Pending orders can be seen as conditional market execution orders. There are 4 types of pending orders. Let’s assume we are looking at the same EURAUD chart as in the previous example. Our bias might be bullish after our analysis indicates so, but we think that due to certain factors, price will advance lower before turning to the upside. A buy limit is used under these circumstances. The use of a buy limit is depicted on the figure below. The hollow candlesticks represent our brief forecast of future price movement. A buy limit must always be placed at a level that stands below the current trading price of a currency pair. When price reaches the prespecified level, which in this example is 1.5868, a buy position will be automatically executed in the market.
When our analysis supports a bearish bias, but we anticipate further bullishness in the market before it turns to the downside, a sell limit order comes into use.

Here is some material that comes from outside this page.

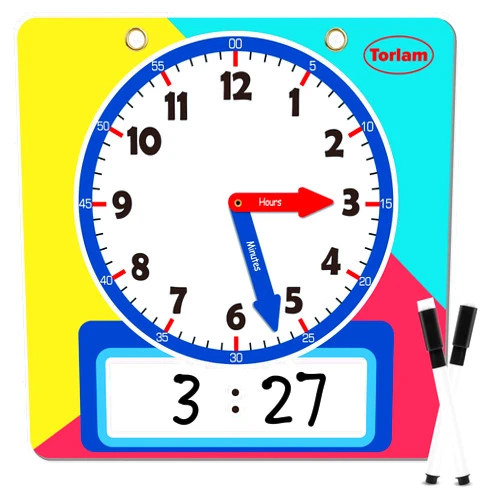Torlam Magnetic Writable Dry Erase Learning Clock | Clock for Kids Learning to Tell Time | Large 12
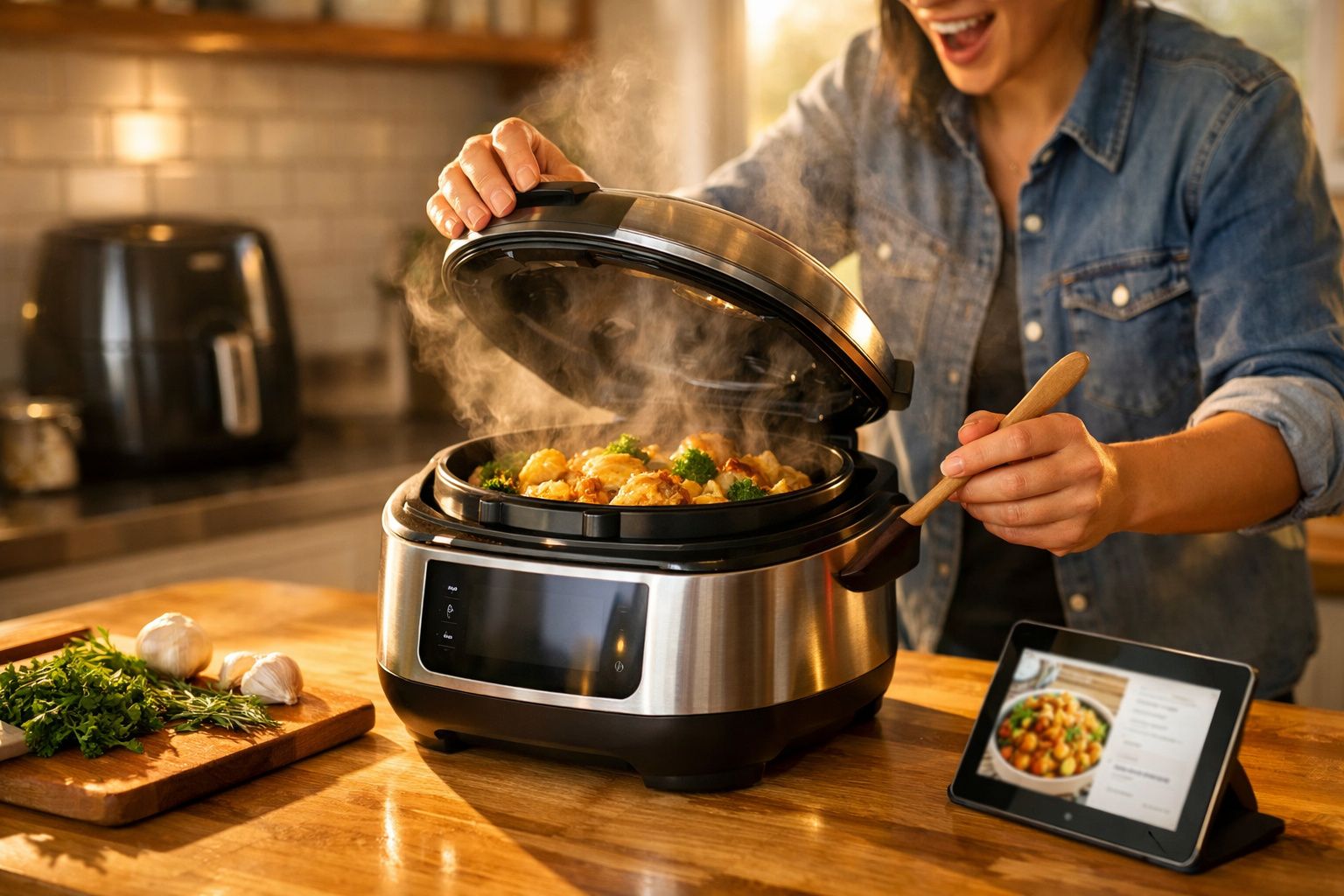 Pessoa abrindo panela elétrica com comida cozinhando e tablet com receita na cozinha.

The specifications of a buy limit discussed earlier apply to the sell limit, but in the opposite direction, as presented on the figure below. In this scenario, a sell position would automatically be executed as soon as price rises to the level of 1.59804.
While limit orders are used in anticipation of a potential reversal in price movements, buy stops and sell stops come in need when anticipating a further continuation of price in the same direction. A buy stop is a buy order placed on a level higher than that of the current price, while a sell stop is a sell order placed below the live price. Both examples are displayed in the respective figures below. Stop orders are based on a continuation bias. If we have placed a buy stop order on EURAUD at 1.59658, we expect the price to continue its rally after breaching this line, as represented by the hollow candles in the example below. Similarly a sell stop order is used when forecasting a bearish continuation.
In conclusion, the method of execution a trader chooses is personal, and no one can determine if one is better than the other. It all comes down to the methodology of technical analysis each of us uses in the market, and subjective preferences. The MarketNerd prefers live executions and limit orders over stop orders, but this doesn’t have to be the case with every trader.